There is something for whatever ski mood you’re in. The descents fall into three distinct categories; four if you count the mellow pistes (I first learned to snowboard and telemark on these pistes, which are consistently gentle and relatively unclogged, they might as well be on Fornet).
Under the lift line there is a long series of mini-golf and kickers, which offer plenty of opportunities for steep practice – not to mention some airtime. This is the face with some of my most reliable (not too big) cliff drops, and the way the contours roll over into the bowl preceding the chair is always a fun place to experiment without much exposure.
If you’re after something more adventurous, head for the Couloir Pisteurs. Hike to the peak of the Rocher du Charvet from the top of the chair, then walk along the top until you reach the entrance of the couloir; it’s a good 45-minute slog and the entry is not easy to locate, so best to go with a guide.

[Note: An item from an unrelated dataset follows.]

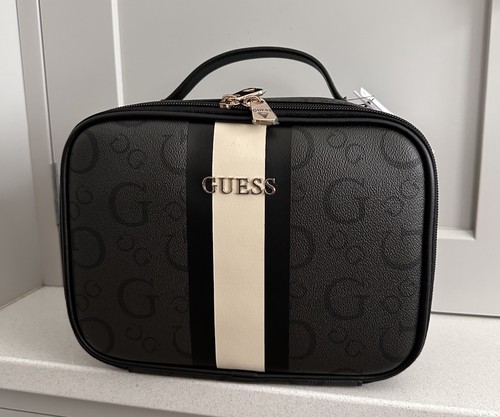 Guess monogram vanity - guess,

It is also possible for slides to occur on runs this steep, so be sure to ski it when the snowpack is relatively stable (it faces north so the snow’s usually pretty good).
The couloir splits like an inverted ‘Y’, a dramatic channel through the rock visible from the opposing piste, Fontaine Froide. It’s a long way down so save this one for your best.
If that’s a little too hot to handle on a particular day, but you’re keen for some fresh tracks, head off the back of Grand Pre and round the Charvet peak down to the Manchet Valley: the Tour de Charvet. There are a myriad of options on this long, open bowl. Following the river down to the left brings you around to the Manchet chair, up to Solaise.
Whichever route you take, you’ll feel as if you’re in the middle of nowhere, with no lifts, buildings or other people in sight. For longer tours later in the season, there is the Refuge du Fond des Fours up across the other side.
So that’s it, a lift with options: where you can get freaky if you feel the need but, equally, where you can chill out and take things at your own pace. Good times!